If you want to more know about specific specialties, just google the name of the subspecialty, click on some of the programs that come up, and see what the application requirements are.

So IM/Onc trainees can’t pursue a neuro-oncology fellowship?
 
So IM/Onc trainees can’t pursue a neuro-oncology fellowship?
A quick google search told me that a number of neuro-onc programs will consider heme/onc trainees "on a case-by-case basis." I have no idea how common this is. All the neuro-oncologists I have met or even heard of have been neurologists (or neurosurgeons, though most wouldn't call themselves such).
 
A quick google search told me that a number of neuro-onc programs will consider heme/onc trainees "on a case-by-case basis." I have no idea how common this is. All the neuro-oncologists I have met or even heard of have been neurologists (or neurosurgeons, though most wouldn't call themselves such).
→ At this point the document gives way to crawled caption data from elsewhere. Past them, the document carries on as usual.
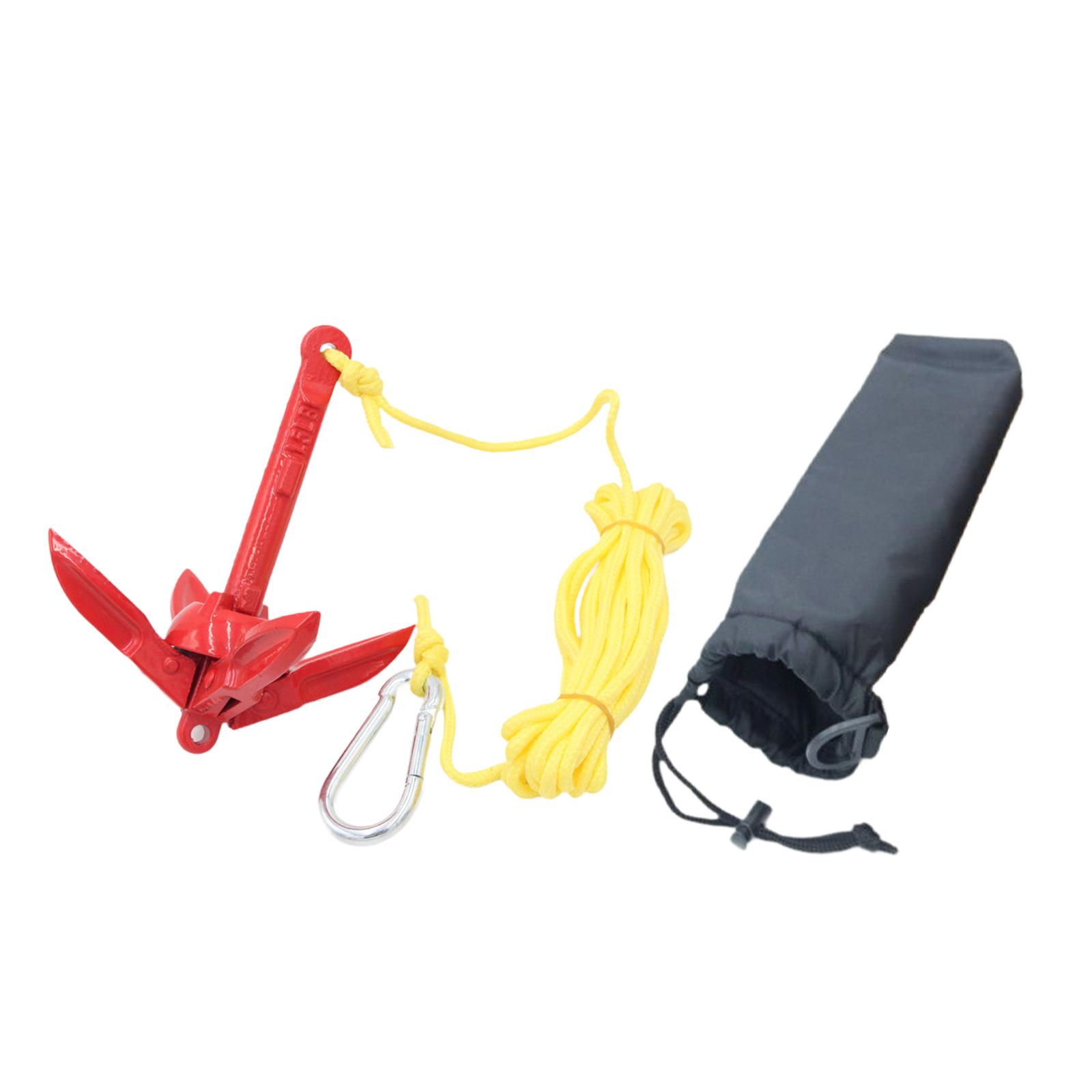 0.7kg Carbon Steel Folding Anc - Fishing Kayak Anchor ulasan dan harga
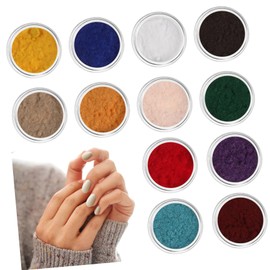 TOVINANNA 2Sets Plush Nail Art Powder Color Velvet Decoration for DIY Manicure Safe Materials for Nail Art Crafts and Makeup for Professionals and DIY Enthusiasts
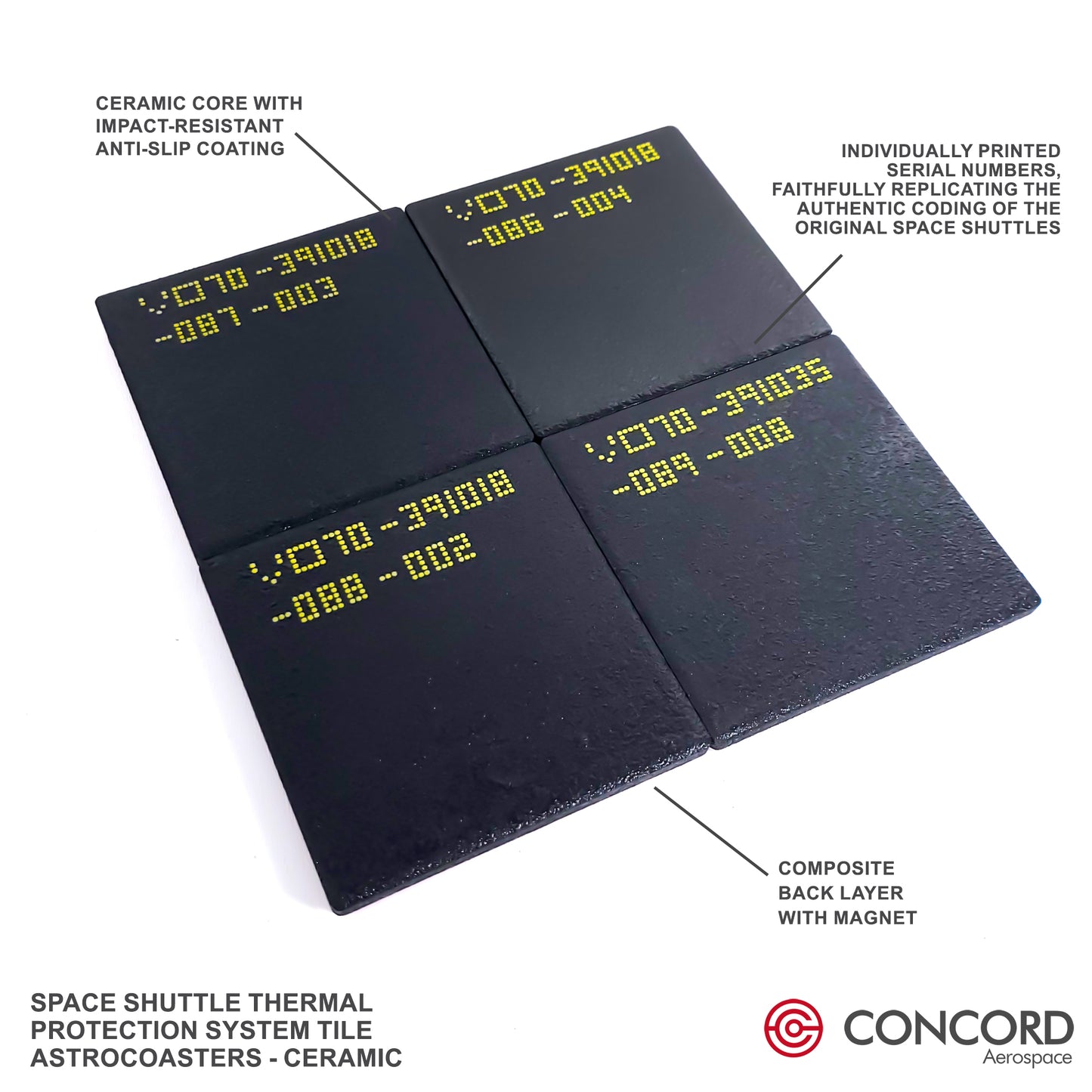 SPACE SHUTTLE THERMAL PROTECTION SYSTEM TILE ASTROCOASTER - Concord Aerospace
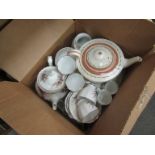 Two boxes of mixed crockery including Wedgwood, Poole, Royal Albert,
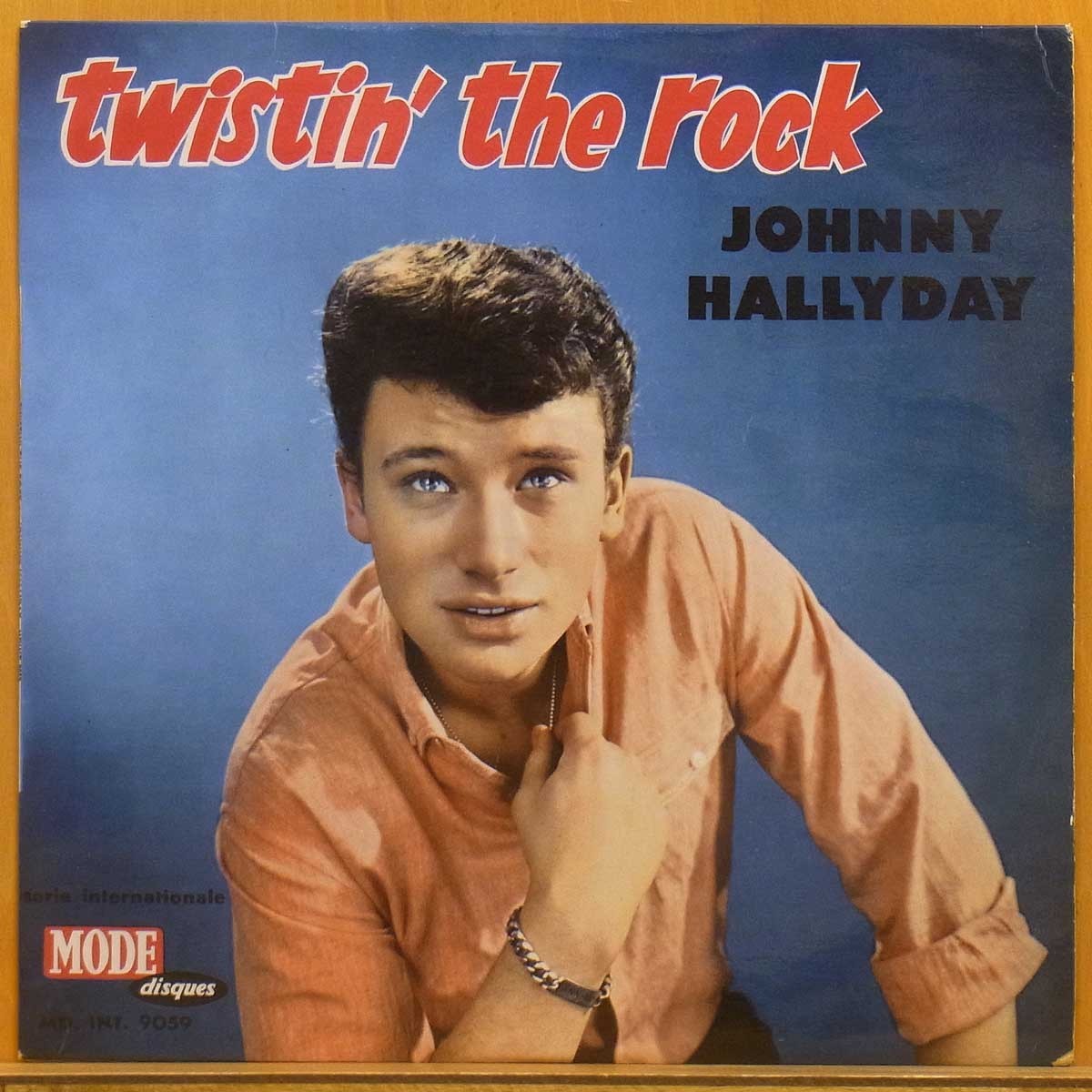 ◆激レア!MONO!200g!ダブル洗浄済!★Johnny Hallyday(ジョニー・アリディ)『twistin' the rock』FraオリジLP #59462_画像1
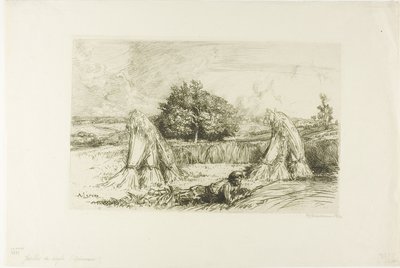 Skivor av råg av Louis Auguste Lepère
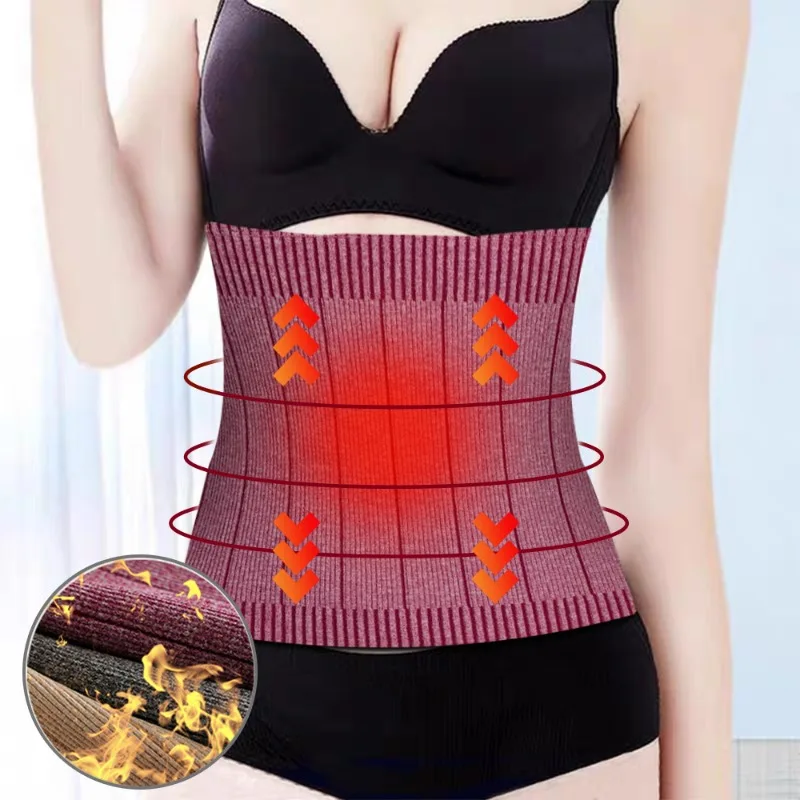 Waist Slimming Warm Winter Thicked Cover Flesh Strong Heat and Warmth Belt Band Waist Seal Cold Women Cotton Warmer Belt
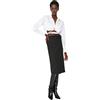 Trendyol Longuette da Donna Gonna a Matita, Nero, 68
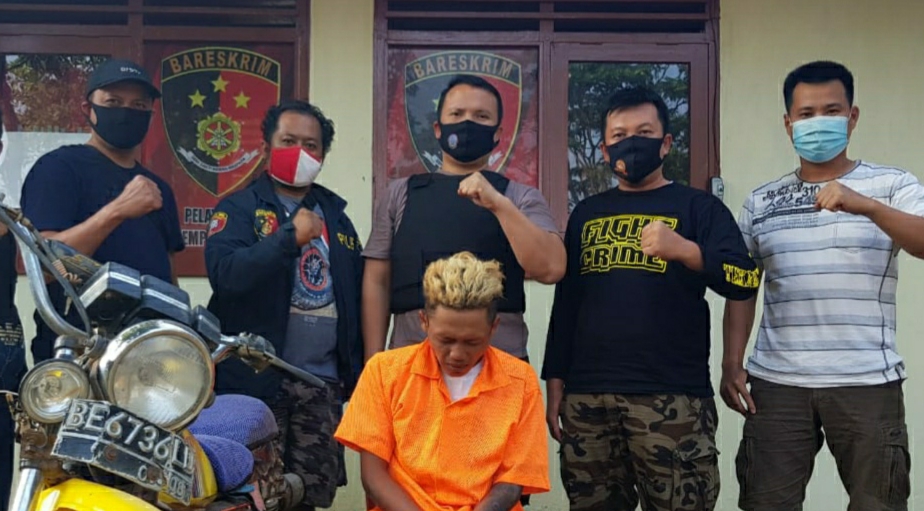 Polsek Pulau Panggung Tangkap Resedivis Pencuri Motor Warga Ulu Bel
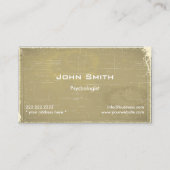Psychologist Retro Old Paper Visitekaartje (Voorkant)
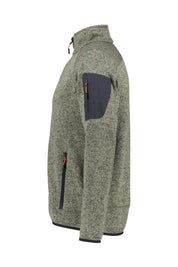 Fleecejacke mit Stehkragen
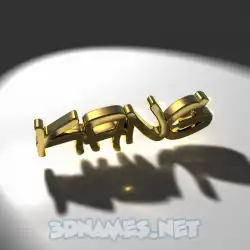 kang in Gold Shine style - 3D name wallpaper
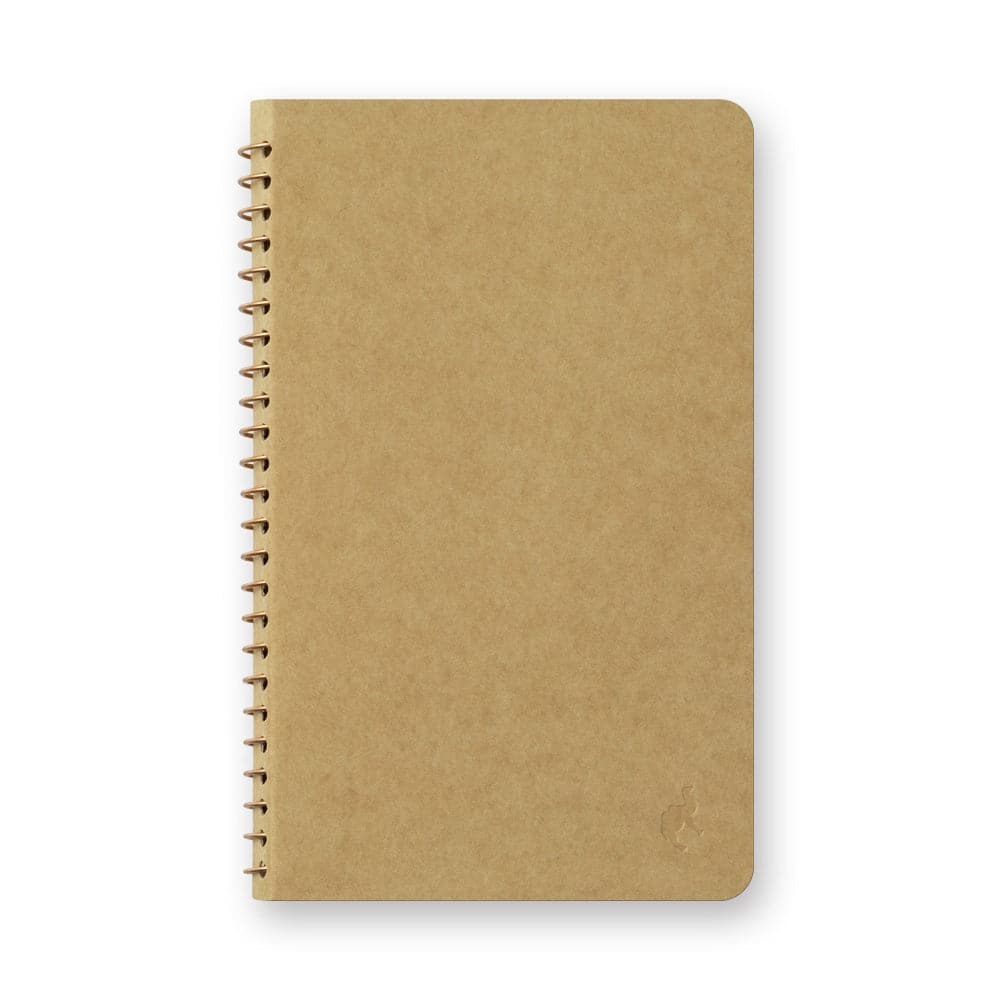 Traveler's Company Spiral Ring Notebook A6 Slim DW Kraft - The Journal Shop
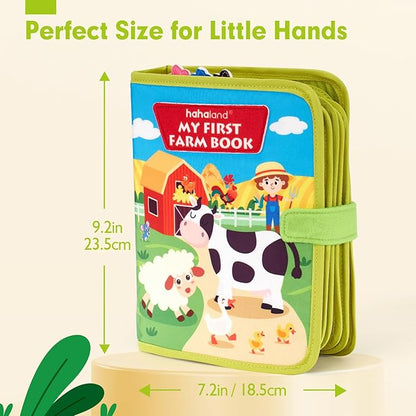 hahaland Busy Book for Toddlers 1-3 - Montessori Toys Busy Board for 1 Year Old Boy Gifts Girl Toys Educational Learning Quiet Activity Books Travel Toy One Year Old Birthday Christmas Toddler Gifts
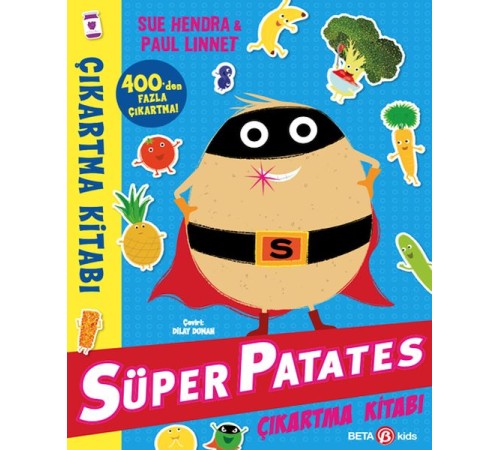 Süper Patates Çıkartma Kitabı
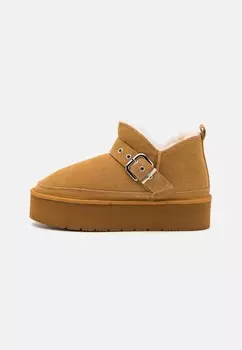 Ботильоны LEATHER Even&Odd Wide Fit, цвет Cognac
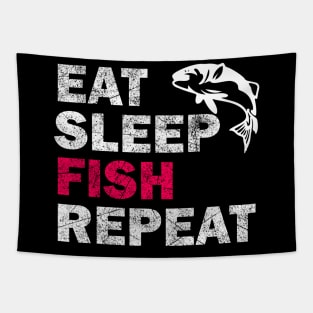 Eat Sleep Fish Repeat - Fish Lovers Gift Tapestry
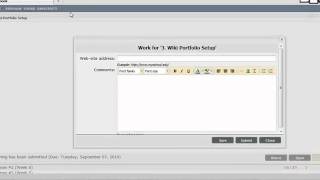 Submit an assignment in BYU GradebookHD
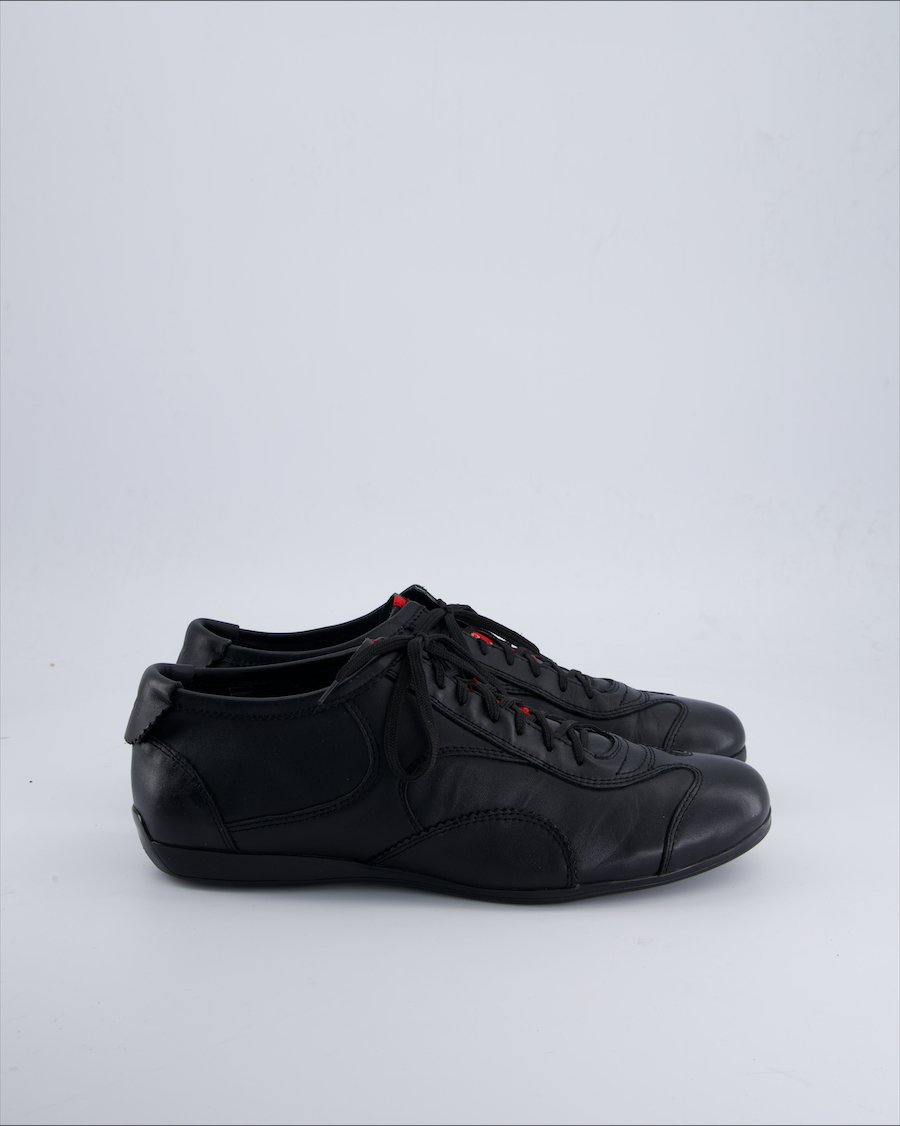 Prada Shoes Leather Black 44 EU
Why would they want to anyway? A fully trained heme/onc doesn't need to do a superfellowship to treat neuro-onc problems - they already can. The only utility I can see in pursuing a neuro-oncology fellowship is if you are dedicated to neuro-oncology research and want to make triple sure you can fill that niche in an academic medical center.
 
Why would they want to anyway? A fully trained heme/onc doesn't need to do a superfellowship to treat neuro-onc problems - they already can. The only utility I can see in pursuing a neuro-oncology fellowship is if you are dedicated to neuro-oncology research and want to make triple sure you can fill that niche in an academic medical center.
Good question. I assume it's for the research aspect as well.
 
There is an Anesthesiologist in my reserve unit who acted as an attending gastroenterologist in Canada for 4 years....decided to take the USMLE components, join the US army as a Canadian citizen and go in to his US Gas residency. He did that 15 years ago or so...so it might not be that easy now.